PGA Tour

Louis Oosthuizen’s physio - part magic touch, part hairdresser!

2016-04-01 14:31
Dave Marshall and Louis Oosthuizen (Facebook)

Cape Town - During the final of the Dell Match Play at Austin Country Club, Dave Marshall caught up with Marnus Marais, Louis Oosthuizen’s physio.

DM: Where did you grow up and please provide some background regarding your progression as a physio?

“I grew up in Pretoria and graduated as a physio from the University of South Africa in 1999. I worked there for a couple of years.”

“Then I moved to England where I planned on working for a few months but ended up working for 10 years! I worked for the National Health Service mainly for the military.”

“I had a great experience working for the military there. I really enjoyed my work life balance with them.”

“Then I started to become interested in golf and golf related injuries. I started doing some further education in that field.”

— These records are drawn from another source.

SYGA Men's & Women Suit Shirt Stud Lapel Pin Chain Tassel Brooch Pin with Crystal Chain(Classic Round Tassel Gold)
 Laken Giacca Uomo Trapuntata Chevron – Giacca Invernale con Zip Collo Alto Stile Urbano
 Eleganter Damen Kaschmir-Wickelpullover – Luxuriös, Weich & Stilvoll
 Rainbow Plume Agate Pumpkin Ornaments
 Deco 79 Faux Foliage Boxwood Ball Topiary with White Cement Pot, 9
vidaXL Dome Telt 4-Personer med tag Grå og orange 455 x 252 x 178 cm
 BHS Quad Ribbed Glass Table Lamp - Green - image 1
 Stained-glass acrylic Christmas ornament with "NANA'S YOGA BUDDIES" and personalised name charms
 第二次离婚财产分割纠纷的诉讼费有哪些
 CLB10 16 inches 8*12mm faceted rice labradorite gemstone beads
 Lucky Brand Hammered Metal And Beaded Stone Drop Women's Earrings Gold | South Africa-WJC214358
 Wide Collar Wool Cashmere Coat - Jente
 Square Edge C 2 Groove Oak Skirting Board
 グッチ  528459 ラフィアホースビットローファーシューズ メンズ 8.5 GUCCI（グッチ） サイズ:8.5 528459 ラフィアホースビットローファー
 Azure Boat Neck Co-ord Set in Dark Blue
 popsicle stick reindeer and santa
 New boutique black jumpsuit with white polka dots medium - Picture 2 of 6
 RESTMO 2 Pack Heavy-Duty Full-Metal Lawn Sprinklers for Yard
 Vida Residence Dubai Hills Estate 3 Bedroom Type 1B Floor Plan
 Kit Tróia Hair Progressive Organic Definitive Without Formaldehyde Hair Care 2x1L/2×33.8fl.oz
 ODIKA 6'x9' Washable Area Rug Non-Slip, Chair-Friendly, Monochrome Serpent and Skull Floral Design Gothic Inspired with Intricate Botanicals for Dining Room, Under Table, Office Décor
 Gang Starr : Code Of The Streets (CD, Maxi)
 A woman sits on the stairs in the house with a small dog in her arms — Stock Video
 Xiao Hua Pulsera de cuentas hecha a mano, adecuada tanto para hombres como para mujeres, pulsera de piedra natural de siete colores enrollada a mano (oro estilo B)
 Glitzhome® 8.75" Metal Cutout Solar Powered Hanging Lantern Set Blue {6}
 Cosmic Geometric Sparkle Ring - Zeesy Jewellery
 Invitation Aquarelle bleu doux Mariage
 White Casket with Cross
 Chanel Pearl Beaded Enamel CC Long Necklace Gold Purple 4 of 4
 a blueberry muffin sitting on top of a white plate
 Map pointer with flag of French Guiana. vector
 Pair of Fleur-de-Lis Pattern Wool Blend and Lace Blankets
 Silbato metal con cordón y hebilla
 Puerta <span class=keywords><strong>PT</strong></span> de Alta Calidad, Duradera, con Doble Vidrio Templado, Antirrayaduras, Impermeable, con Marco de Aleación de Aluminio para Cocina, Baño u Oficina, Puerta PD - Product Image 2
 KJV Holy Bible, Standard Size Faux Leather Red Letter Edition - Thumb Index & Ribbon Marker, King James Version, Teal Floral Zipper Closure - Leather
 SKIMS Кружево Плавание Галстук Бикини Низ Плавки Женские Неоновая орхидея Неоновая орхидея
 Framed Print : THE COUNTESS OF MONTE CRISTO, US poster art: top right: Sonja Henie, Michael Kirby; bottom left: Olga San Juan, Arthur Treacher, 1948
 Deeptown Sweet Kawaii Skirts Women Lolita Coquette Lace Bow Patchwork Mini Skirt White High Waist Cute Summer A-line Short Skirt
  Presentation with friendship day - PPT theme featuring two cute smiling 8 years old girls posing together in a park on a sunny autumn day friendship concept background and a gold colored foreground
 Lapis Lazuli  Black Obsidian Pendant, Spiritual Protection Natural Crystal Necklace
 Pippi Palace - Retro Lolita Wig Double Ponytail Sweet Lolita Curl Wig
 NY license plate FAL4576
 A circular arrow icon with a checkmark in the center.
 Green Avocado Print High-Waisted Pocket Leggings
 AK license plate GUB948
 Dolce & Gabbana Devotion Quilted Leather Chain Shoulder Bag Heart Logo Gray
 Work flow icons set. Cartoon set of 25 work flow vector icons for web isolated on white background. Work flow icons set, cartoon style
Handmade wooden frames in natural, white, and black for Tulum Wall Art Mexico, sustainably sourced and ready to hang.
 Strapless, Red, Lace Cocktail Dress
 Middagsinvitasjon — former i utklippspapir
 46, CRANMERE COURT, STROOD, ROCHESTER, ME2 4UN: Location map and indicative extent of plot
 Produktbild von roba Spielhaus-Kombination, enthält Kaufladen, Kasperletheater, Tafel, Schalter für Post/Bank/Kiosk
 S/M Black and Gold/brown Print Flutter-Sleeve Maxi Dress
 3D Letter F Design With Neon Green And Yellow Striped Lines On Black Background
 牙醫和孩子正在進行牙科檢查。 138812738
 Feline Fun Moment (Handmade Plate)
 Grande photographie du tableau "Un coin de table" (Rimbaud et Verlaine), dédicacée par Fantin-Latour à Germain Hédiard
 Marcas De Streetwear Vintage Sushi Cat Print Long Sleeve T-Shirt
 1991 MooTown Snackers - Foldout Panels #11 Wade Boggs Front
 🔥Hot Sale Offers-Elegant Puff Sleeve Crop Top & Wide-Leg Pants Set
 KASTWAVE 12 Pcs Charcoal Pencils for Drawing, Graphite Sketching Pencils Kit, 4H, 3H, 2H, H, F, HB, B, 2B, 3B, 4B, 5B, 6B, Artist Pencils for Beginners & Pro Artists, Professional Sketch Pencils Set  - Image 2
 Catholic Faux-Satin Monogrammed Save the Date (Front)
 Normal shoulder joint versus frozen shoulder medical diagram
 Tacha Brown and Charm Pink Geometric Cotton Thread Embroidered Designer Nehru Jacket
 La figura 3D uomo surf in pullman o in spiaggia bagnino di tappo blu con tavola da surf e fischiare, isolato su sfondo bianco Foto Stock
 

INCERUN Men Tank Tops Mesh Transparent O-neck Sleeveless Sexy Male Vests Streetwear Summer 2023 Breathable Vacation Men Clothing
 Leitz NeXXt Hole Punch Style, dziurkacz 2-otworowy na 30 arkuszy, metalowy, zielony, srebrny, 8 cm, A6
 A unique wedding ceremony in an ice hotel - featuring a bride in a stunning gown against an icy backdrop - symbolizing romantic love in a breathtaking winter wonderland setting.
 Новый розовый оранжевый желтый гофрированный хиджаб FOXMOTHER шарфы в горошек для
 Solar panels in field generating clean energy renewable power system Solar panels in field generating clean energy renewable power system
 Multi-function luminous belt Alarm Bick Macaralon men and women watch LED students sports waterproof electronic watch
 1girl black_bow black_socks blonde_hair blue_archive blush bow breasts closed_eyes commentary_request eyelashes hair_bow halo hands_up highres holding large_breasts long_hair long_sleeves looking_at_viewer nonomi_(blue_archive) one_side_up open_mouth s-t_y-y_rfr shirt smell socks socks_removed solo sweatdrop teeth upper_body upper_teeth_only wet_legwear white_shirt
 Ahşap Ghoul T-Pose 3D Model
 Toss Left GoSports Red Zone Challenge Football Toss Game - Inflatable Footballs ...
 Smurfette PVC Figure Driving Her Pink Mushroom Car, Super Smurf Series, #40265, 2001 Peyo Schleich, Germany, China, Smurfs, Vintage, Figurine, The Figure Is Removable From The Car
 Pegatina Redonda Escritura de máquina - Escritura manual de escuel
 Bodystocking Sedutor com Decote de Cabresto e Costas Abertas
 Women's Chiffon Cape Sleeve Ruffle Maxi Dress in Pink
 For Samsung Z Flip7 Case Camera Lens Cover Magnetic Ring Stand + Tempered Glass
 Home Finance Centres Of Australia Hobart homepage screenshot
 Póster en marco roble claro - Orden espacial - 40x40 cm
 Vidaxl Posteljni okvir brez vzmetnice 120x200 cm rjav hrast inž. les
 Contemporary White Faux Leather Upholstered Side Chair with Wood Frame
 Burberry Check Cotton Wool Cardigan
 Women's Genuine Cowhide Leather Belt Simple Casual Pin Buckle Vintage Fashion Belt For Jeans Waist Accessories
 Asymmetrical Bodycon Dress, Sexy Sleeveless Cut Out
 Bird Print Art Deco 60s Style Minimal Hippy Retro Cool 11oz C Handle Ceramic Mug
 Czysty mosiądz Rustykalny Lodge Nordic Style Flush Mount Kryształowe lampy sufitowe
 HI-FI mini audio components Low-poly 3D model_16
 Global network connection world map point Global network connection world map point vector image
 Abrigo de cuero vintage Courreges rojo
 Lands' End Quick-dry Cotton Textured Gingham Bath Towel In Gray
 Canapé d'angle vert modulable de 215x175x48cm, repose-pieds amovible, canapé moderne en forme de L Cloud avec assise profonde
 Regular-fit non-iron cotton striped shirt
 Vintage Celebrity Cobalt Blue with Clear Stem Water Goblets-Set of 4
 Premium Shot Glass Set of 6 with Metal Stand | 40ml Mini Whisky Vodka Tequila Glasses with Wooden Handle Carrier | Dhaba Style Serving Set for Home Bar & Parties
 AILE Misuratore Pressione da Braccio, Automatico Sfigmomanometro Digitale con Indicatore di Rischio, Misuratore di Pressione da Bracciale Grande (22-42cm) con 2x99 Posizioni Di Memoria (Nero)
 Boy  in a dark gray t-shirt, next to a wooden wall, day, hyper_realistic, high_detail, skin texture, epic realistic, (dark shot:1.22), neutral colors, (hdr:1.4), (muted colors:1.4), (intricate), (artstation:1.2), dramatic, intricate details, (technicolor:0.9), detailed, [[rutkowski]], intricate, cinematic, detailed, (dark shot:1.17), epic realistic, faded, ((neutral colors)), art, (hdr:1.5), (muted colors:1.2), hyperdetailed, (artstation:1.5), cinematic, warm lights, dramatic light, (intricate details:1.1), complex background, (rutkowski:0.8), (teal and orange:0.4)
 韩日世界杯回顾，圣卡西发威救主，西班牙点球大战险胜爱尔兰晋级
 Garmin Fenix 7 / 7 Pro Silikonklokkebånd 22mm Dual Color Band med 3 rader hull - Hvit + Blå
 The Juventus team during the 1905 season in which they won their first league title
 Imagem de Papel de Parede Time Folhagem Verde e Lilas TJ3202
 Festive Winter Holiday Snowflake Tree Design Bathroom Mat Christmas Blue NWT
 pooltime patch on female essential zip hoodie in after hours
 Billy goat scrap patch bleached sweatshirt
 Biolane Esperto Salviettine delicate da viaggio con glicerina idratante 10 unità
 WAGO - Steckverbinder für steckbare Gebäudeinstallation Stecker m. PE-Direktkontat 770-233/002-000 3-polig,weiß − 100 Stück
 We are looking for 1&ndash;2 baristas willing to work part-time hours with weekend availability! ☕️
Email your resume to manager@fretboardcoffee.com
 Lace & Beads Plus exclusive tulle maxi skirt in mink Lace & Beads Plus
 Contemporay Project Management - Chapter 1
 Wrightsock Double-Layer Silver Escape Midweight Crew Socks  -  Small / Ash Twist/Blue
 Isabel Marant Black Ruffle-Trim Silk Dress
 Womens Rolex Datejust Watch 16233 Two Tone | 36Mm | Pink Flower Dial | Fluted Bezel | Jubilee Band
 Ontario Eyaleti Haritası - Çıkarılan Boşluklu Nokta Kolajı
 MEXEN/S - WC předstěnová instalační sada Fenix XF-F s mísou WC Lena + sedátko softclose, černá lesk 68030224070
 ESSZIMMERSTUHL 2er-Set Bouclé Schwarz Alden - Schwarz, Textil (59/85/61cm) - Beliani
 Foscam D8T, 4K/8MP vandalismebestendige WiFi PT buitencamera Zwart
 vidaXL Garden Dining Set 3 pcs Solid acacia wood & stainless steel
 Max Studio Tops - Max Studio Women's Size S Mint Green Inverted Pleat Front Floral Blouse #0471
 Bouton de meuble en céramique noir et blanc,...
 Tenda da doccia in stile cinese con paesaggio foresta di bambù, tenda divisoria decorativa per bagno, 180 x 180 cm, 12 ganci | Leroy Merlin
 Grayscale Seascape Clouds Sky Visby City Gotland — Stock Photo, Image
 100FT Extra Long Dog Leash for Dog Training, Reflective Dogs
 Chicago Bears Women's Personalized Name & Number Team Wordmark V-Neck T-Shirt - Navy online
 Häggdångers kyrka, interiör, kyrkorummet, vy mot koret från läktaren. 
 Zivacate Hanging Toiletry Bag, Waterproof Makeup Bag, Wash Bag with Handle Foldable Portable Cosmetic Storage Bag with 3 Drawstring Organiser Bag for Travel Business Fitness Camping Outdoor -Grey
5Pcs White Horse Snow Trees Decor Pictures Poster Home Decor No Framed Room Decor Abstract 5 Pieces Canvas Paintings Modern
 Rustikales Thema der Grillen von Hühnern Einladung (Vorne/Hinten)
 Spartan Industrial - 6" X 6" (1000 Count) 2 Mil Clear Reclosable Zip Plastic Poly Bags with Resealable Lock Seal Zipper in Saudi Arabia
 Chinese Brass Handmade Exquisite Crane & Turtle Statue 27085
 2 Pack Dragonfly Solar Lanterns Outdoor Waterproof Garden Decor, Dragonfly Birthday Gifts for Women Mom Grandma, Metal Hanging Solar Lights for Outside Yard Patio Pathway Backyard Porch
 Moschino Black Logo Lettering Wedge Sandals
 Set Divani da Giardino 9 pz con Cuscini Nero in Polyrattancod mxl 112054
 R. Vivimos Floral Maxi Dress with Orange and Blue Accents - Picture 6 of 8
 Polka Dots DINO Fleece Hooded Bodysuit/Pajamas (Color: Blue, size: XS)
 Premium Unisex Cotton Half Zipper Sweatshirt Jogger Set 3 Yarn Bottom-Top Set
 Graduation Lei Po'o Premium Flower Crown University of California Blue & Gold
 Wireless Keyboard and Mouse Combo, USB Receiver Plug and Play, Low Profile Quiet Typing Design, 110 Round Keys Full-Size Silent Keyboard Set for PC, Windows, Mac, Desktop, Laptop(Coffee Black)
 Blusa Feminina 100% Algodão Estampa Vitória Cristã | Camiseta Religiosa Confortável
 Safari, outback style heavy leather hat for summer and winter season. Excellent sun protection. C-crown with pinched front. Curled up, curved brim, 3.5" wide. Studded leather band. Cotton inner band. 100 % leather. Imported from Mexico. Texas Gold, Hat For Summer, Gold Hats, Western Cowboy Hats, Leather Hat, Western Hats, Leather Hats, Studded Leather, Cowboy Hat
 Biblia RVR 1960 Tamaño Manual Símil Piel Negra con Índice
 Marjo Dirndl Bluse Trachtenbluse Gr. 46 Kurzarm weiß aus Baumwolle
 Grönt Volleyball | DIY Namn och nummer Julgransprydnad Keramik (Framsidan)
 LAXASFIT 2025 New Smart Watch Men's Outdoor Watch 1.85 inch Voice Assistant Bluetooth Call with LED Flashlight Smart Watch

“I first started working on the European Tour as a golf physio whilst still working for the military.”

“When the travelling became too much I started working full time with professional golfers. This has been my job for the last 5 or 6 years now.”

DM: How did you break into the European Tour in the first place?

“I went on a Titleist Performance Institute course where I met some physios working on tour who asked me to join them.”

DM: Louis in one of a few guys you currently work with. How long have you been working with him?

“I met Louis on tour when he was working with one of the other physios. Just over a year ago we started working full time together.”

DM: Please go into some detail about how your current set up with Louis works?

“Louis has an English strength and conditioning trainer called Kevin Duffy who lives in England. So Kevin and I work very closely together.”

“We are very proud of how this relationship operates as a team. I think it is very important in this environment working with these players to be able to work as a team.”

“It doesn’t often happen. Kevin and I have a great working relationship.”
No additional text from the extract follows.